» WHAT THIS TASK INVOLVES
Every line of the data must be copied exactly.

» DATA RECORDS
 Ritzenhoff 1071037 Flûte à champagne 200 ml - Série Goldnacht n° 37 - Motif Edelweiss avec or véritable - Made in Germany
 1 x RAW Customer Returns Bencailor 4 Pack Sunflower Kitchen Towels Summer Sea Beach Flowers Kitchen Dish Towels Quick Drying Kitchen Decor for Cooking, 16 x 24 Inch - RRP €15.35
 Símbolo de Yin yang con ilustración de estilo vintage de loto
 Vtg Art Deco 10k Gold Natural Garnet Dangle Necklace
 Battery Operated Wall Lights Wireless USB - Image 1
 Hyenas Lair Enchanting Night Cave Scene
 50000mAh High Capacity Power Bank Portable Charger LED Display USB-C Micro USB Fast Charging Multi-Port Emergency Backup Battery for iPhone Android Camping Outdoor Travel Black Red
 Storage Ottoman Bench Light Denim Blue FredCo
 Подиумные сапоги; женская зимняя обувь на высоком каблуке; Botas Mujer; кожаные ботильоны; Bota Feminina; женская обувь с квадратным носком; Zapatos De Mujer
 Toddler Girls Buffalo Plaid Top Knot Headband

» SOLUTION FOR THIS EXERCISE
 Ritzenhoff 1071037 Flûte à champagne 200 ml - Série Goldnacht n° 37 - Motif Edelweiss avec or véritable - Made in Germany
 1 x RAW Customer Returns Bencailor 4 Pack Sunflower Kitchen Towels Summer Sea Beach Flowers Kitchen Dish Towels Quick Drying Kitchen Decor for Cooking, 16 x 24 Inch - RRP €15.35
 Símbolo de Yin yang con ilustración de estilo vintage de loto
 Vtg Art Deco 10k Gold Natural Garnet Dangle Necklace
 Battery Operated Wall Lights Wireless USB - Image 1
 Hyenas Lair Enchanting Night Cave Scene
 50000mAh High Capacity Power Bank Portable Charger LED Display USB-C Micro USB Fast Charging Multi-Port Emergency Backup Battery for iPhone Android Camping Outdoor Travel Black Red
 Storage Ottoman Bench Light Denim Blue FredCo
 Подиумные сапоги; женская зимняя обувь на высоком каблуке; Botas Mujer; кожаные ботильоны; Bota Feminina; женская обувь с квадратным носком; Zapatos De Mujer
 Toddler Girls Buffalo Plaid Top Knot Headband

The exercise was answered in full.